If you’re squeamish about worms, you may be tempted to stop reading right about now (and yes, I’ll admit that photo may not help), but hang in there, if you can, for one more sentence or two. At least buy a bag of worm castings, called vermicompost, and spread it on your soil. It improves soil structure, immunizes soil with micronutrients, encourages microbial life, and can even increase seed germination rates and speed. Still with me? How about I tell you how to create your own worm bin? It doesn’t smell (or, if anything, it smells sweet). It takes very little time to maintain. It’s just not that big a deal. In fact, you would never know I even have a worm bin in my garage. I know this for sure because I had that worm bin in my living room for almost a year and no one knew it (well, or at least no one mentioned it).
The trick with worm bins, as with any part of composting, is keeping the system balanced. With worm bins, that means creating a healthy environment for the red wrigglers (that’s the kind of worm you need–not earthworms) and then feeding them just enough, but not too much.
I ordered my worms online many years ago, which made for a fun package to receive (said possibly with a little sarcasm), but I hear you can get them at a bait shop, or you can get them at Farmer D Organics’ Briarcliff location. I’ve been happy with my homemade worm bin (a large container with a lid, with small holes drilled into the sides and lid), but many people prefer those worm towers where the worms crawl from one level to the next, leaving behind the rich remains (and yes, you can find them at the store and at the Farmer D Organics site online, too). That’s a better option if you want to create a greater quantity of vermicompost than I make.

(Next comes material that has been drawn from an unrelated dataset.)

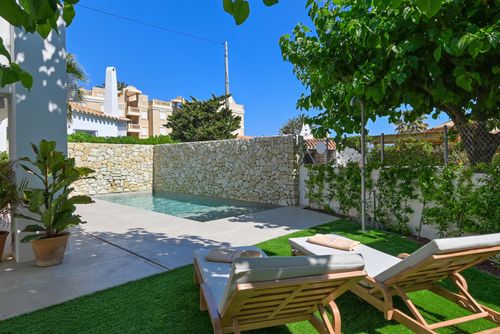 El Jabeque 10 pax Modern and luxury villa with private pool in Denia, Costa Blanca, Spain for 10 persons. The villa is situated close to restaurants and bars, 25 m from Les Marines beach and 0....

Where “worm bins go bad” is when, let’s say, a teacher lets 25 students all feed the worms their apple cores. Every day. The worms can eat half their weight in pounds of food per day, but, let’s be realistic here, they are little. They don’t need that much. Rotting, smelly food is inevitable in that situation. (A better solution for a class might be five appropriately-sized bins each labeled with a day of the week so that each bin gets new food scraps only once a week.) I feed mine a small amount of kitchen scraps maybe every two weeks (being sure to include some egg shells as they need that to help them break down food), and I pay attention to how quickly or slowly they are consuming things and adjust accordingly. I am also diligent about covering the food thoroughly with shredded newspaper. You will find that the worms actually consume this over time, and it will be clear when it needs to be replaced. Final worm care tip: be sure to keep them in a location that’s not too hot or cold; the garage has worked out just fine for my worms year-round in our metro-Atlanta climate.
When you are ready to remove some vermicompost, you simply scoop some out and then pick the worms out. Okay, you hate that idea, don’t you? If you have a child or a neighbor child you can borrow, you may find he or she loves doing this. If not, just put the food scraps in the opposite corner each time you feed and the worms will migrate toward them, making it easier for you to scoop from the other side.
Do you like the idea of vermicompost but are not on board with the worm bin yet? How about just encouraging more worms right in your garden? Now we’re talking about earth worms. You can put down cardboard before creating a garden bed and that will attract earth worms. You can also dig a trench and bury your kitchen scraps in it and that will attract earth worms as well. (Remember to not do too much at once, and be sure to bury the scraps about 8-12 inches deep; also, don’t include meat or fats). Now, that was easy instead of queasy, wasn’t it?